RECORDED DATA START

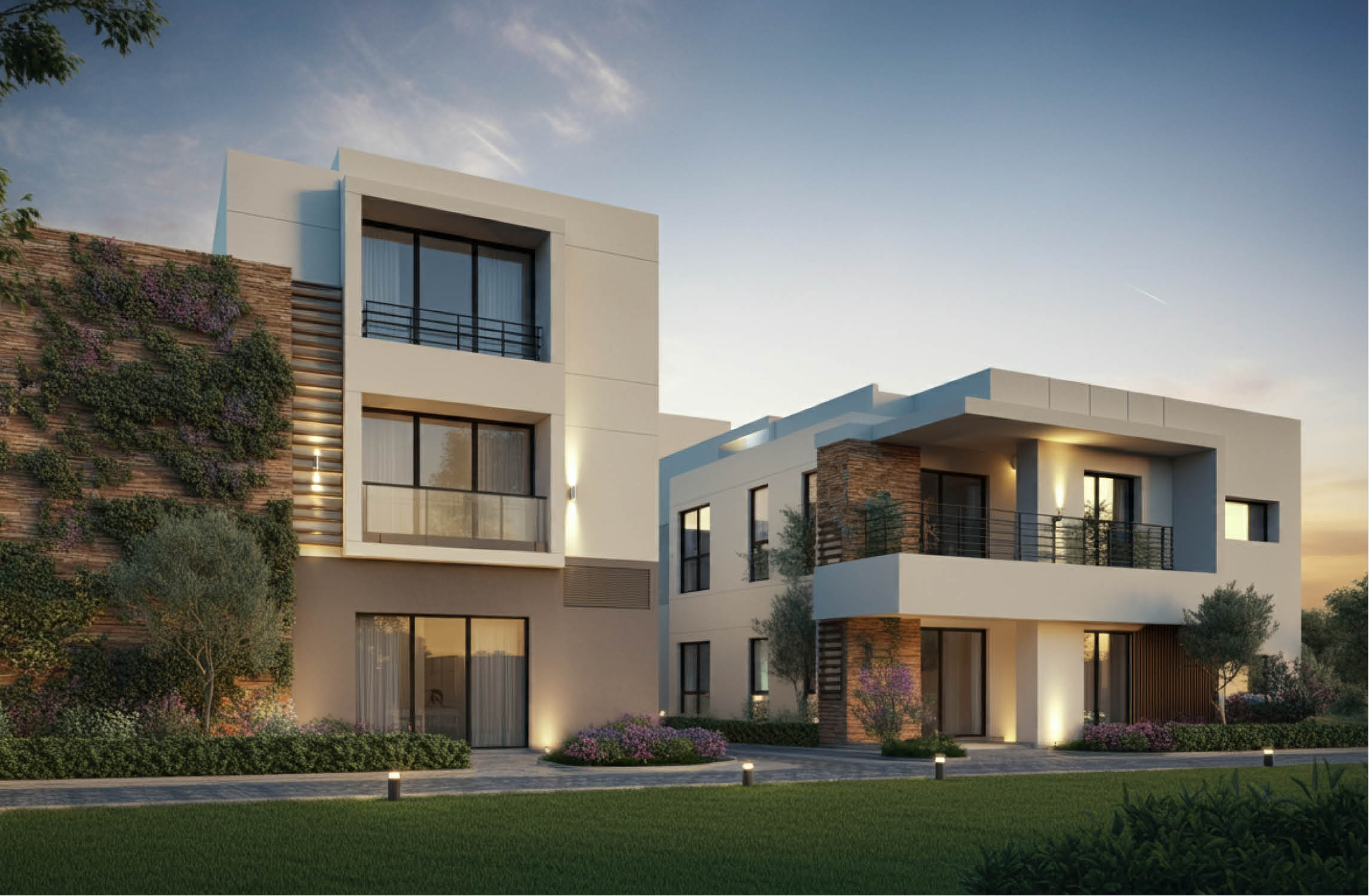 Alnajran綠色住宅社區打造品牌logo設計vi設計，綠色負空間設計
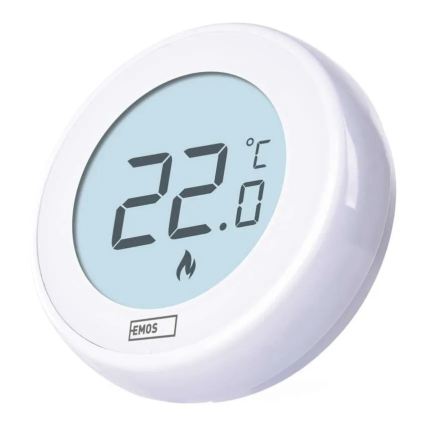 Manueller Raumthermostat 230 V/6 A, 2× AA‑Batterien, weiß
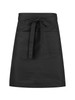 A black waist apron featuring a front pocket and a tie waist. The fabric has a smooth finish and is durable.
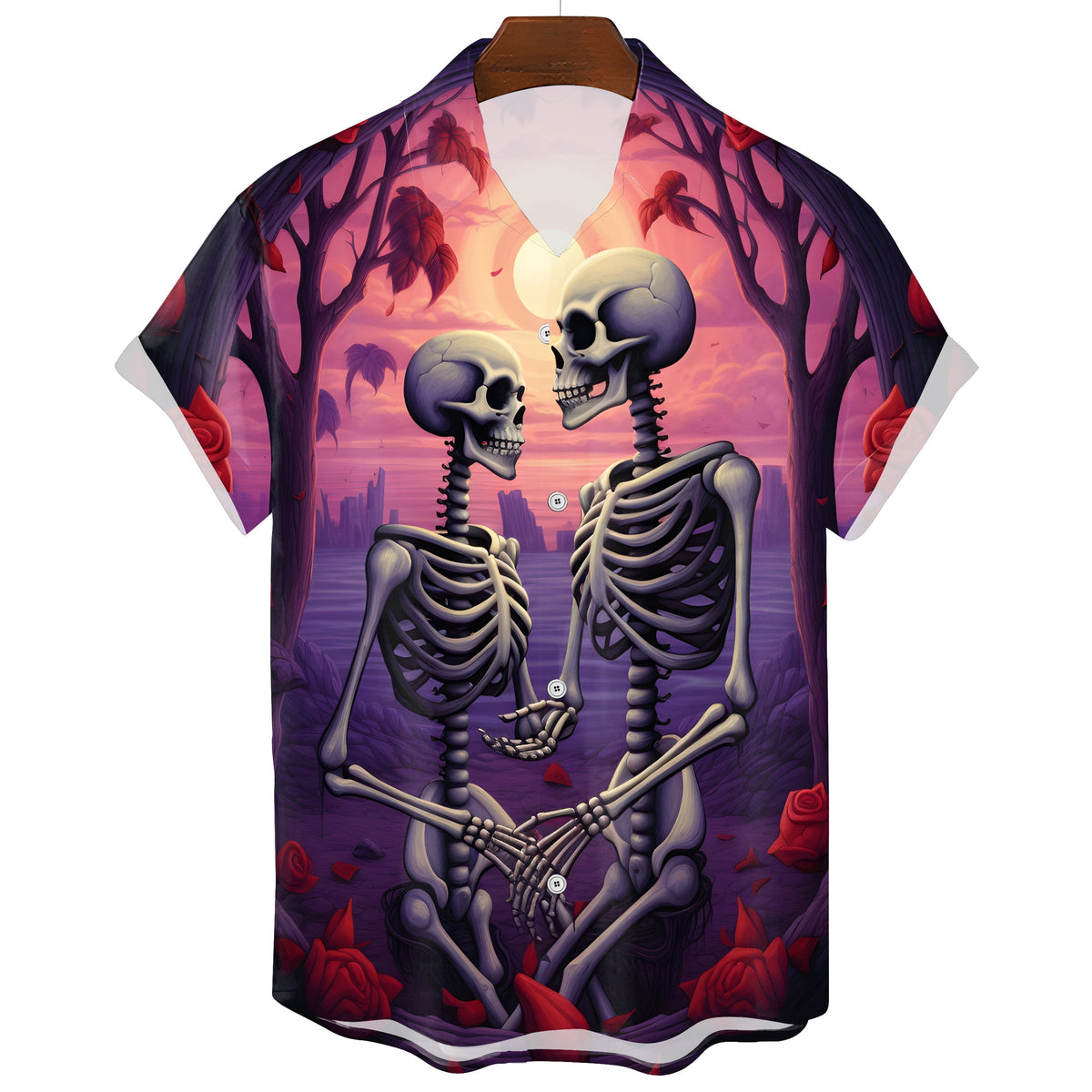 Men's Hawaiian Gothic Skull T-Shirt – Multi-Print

RECORDED DATA END

> **WHAT YOU HAVE TO DO**: With the images removed, write out all of the material above exactly.

> **ANSWER BOX**:
 Alnajran綠色住宅社區打造品牌logo設計vi設計，綠色負空間設計
 Manueller Raumthermostat 230 V/6 A, 2× AA‑Batterien, weiß
 A black waist apron featuring a front pocket and a tie waist. The fabric has a smooth finish and is durable.
 Men's Hawaiian Gothic Skull T-Shirt – Multi-Print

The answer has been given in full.